Chief Henry Standing Bear

The Original Dreamer

As a student at Carlisle

Chief Henry Standing Bear as a student at Carlisle

Brule Lakota Henry Standing Bear was born near Pierre, South Dakota, along the Missouri River – probably in 1874. In his early teens, Standing Bear became one of the first Native Americans to attend Carlisle Indian School in Pennsylvania where he took on the name of "Henry". As a result of attending Carlisle, Standing Bear concluded that in order to best help his people, it would be necessary for him to learn the ways of the non-Native world. Somewhat ironically, Carlisle – an institution that was designed to assimilate Native Americans out of their indigenous ways – became a source of inspiration that Standing Bear would repeatedly draw upon to shape his enlightened understanding of cross-cultural relationships, as well as to find new ways of preserving his people's culture and history. Standing Bear began to develop and hone leadership skills like public speaking, reasoning, and writing. In addition, Standing Bear realized that because of the changing times, the battle for cultural survival was no longer to be waged with weapons, but with words and ideas. Subsequently, this realization became a driving force behind much of his work during his adult life and led him to become a strong proponent of education.

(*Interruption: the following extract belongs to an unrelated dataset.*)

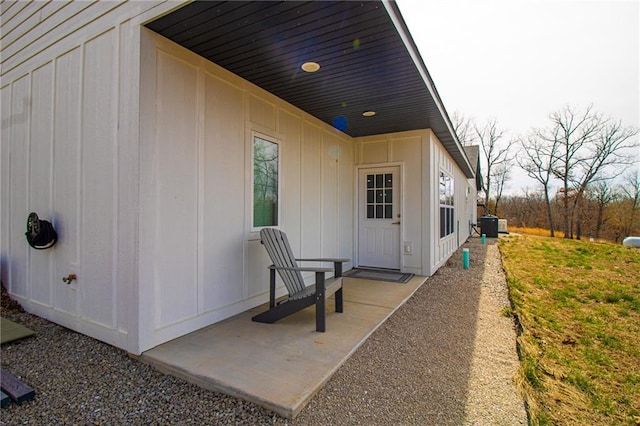 exterior space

Standing Bear attended night school in Chicago while he worked for the Sears Roebuck Company to pay for his schooling. In large part as a result of his education and his willingness to engage the non-Native world, he became heavily involved in the affairs of his people over the course of his life —working with Senator Francis Case and serving as a member of the South Dakota Indian Affairs Commission. He even led the initiative to honor President Calvin Coolidge with a traditional name – "Leading Eagle." Not one to miss an opportunity for advocacy; during the naming ceremony Standing Bear challenged President Coolidge to take up the leadership role that had been previously filled by highly-respected leaders such as Sitting Bull and Red Cloud.

Chief Henry Standing Bear and Korczak

Chief Henry Standing Bear and Korczak

In 1933, Standing Bear learned of a monument that was to be constructed at Fort Robinson, Nebraska. The monument was to honor his maternal cousin, Crazy Horse, who was killed at Fort Robinson in 1877. Standing Bear wrote to James Cook who was steering the planned project – sharing with Cook that he and many of his fellow Lakota leaders had formed the Crazy Horse Memorial Association and were promoting a carving of Crazy Horse in the sacred Paha Sapa – Black Hills. Standing Bear explained that as a relative of Crazy Horse, it was culturally appropriate for him to initiate such a memorial to his cousin. In addition, Standing Bear believed strongly that the Black Hills, because of the spiritual significance to the Lakota people, was the only appropriate place for such a memorial. These two beliefs would finally lead Standing Bear to search for a man with skills great enough to carve a memorial to Crazy Horse.

Chief Henry Bear Sitting and Looking Up

Standing Bear was determined

He would not rest until there was a memorial located in the Black Hills which honored his people, and equally large in scope and vision as the memorial being carved at Mt. Rushmore. At one point, he even approached Gutzon Borglum to advocate for a Native American addition to the Shrine of Democracy.

In keeping with the legacy of persistence and advocacy that he created during his lifetime, Standing Bear refused to give up. His continued search would eventually lead him to prize-winning sculptor, Korczak Ziolkowski.

Chief Henry Standing Bears Letter to Korczak

Standing Bear is reported to have spoken on behalf of the elders when he invited Korczak Ziolkowski to carve a Memorial to honor his people. Chief Henry Standing Bear shared a message of hope and reconciliation. Korczak accepted the invitation and the project began. On June 3rd, 1948, motioning toward Thunderhead Mountain, Standing Bear conveyed to those in attendance at the dedication ceremony that the newly-initiated Memorial would serve to create cross-cultural understanding and to mend relations between Natives and non-Natives – an especially powerful sentiment coming from a man who spent his entire life working to understand others and, in turn, educate others about his people and their culture.